Best Practices

AI Rules for Search Implementation

AI implements search with LIKE '%query%' on every column. Rules for full-text search indexes, Elasticsearch integration, search relevance tuning, fuzzy matching, faceted search, and search-as-you-type patterns.

8 min read·March 2, 2025

LIKE '%query%' on every column — full table scan, no ranking, no typo tolerance, 3-second response

Postgres tsvector, Elasticsearch, relevance scoring, fuzzy matching, faceted search, search-as-you-type

AI Searches with LIKE and Hopes for the Best

AI generates search with: LIKE '%query%' on every text column (full table scan, no index usage, O(n) per query), no relevance ranking (results in insertion order, not by relevance), no typo tolerance (searching 'typscript' returns zero results for 'typescript'), no faceted filtering (users cannot narrow by category, date, or type), and synchronous blocking queries (search blocks the main thread while scanning millions of rows).
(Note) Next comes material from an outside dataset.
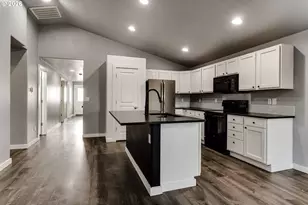 5854 Avalon St, Eugene, OR 97402 - Photo 9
At 1000 rows it works. At 100,000 rows the search takes 3 seconds. At 1 million rows the page times out.

Modern search implementation is: index-backed (tsvector in Postgres or inverted index in Elasticsearch), relevance-ranked (BM25 or TF-IDF scoring — best matches first), typo-tolerant (fuzzy matching catches misspellings within edit distance), facet-enabled (filter by category, date range, price range alongside text search), and performant (sub-100ms response at any scale with proper indexing). AI generates none of these.
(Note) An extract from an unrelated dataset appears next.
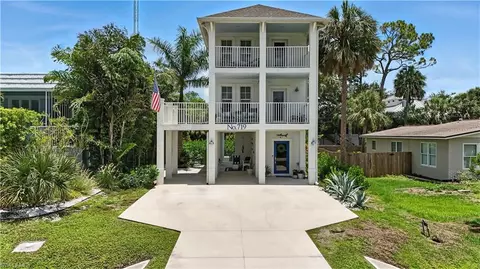 719 Park Ave, Naples, FL 34110 photo 2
These rules cover: Postgres full-text search with tsvector, Elasticsearch for advanced use cases, relevance scoring and boosting, fuzzy matching, faceted search, and search-as-you-type patterns.

Rule 2: Elasticsearch for Advanced Search

The rule: 'Use Elasticsearch (or OpenSearch, Typesense, Meilisearch) when you need: fuzzy matching with typo tolerance, faceted search with aggregations, complex relevance tuning with custom scoring, synonym support (searching 'JS' finds 'JavaScript'), autocomplete with edge n-grams, or search across millions of documents with sub-50ms latency. Elasticsearch is a dedicated search engine — it excels at search in ways a relational database cannot.'

For sync strategy: 'The database is the source of truth; Elasticsearch is a read-optimized projection. Sync patterns: (1) Dual-write: application writes to both database and Elasticsearch (simple but risks inconsistency on failure). (2) Change Data Capture: Debezium captures database changes and feeds Elasticsearch (consistent but more infrastructure). (3) Async events: on article.created/updated, publish an event that an indexer consumes (eventual consistency, decoupled). Reindex from database on schema changes.'

AI generates: Elasticsearch as the primary data store — no ACID transactions, no relational integrity, no reliable point-in-time recovery. Elasticsearch is a search index, not a database. The database stores the data; Elasticsearch indexes it for search. If the Elasticsearch index corrupts, reindex from the database. If the database corrupts, you have a real problem.

Rule 3: Fuzzy Matching and Typo Tolerance

The rule: 'Implement fuzzy matching for user-facing search: users make typos, and zero results for 'typscript' when 'typescript' exists is a terrible experience. Elasticsearch: { "match": { "title": { "query": "typscript", "fuzziness": "AUTO" } } } — AUTO allows 1 edit for 3-5 char terms, 2 edits for 6+ char terms. Postgres: pg_trgm extension with similarity() function and GIN trigram index: WHERE similarity(title, 'typscript') > 0.3.'

For the pg_trgm approach: 'CREATE EXTENSION pg_trgm; CREATE INDEX idx_articles_trgm ON articles USING GIN(title gin_trgm_ops). Query: SELECT *, similarity(title, 'typscript') as sim FROM articles WHERE title % 'typscript' ORDER BY sim DESC. The % operator uses the similarity threshold (default 0.3). Trigram matching: 'typscript' shares most trigrams with 'typescript' — the match is found despite the missing 'e'. No Elasticsearch required for basic fuzzy search.'

AI generates: exact-match search only. User searches 'recact hooks' (common typo): zero results. User assumes the content does not exist and leaves. Fuzzy matching: 'recact' matches 'react' (edit distance 1), results appear, user finds what they need. One feature prevents one of the highest-friction search failure modes.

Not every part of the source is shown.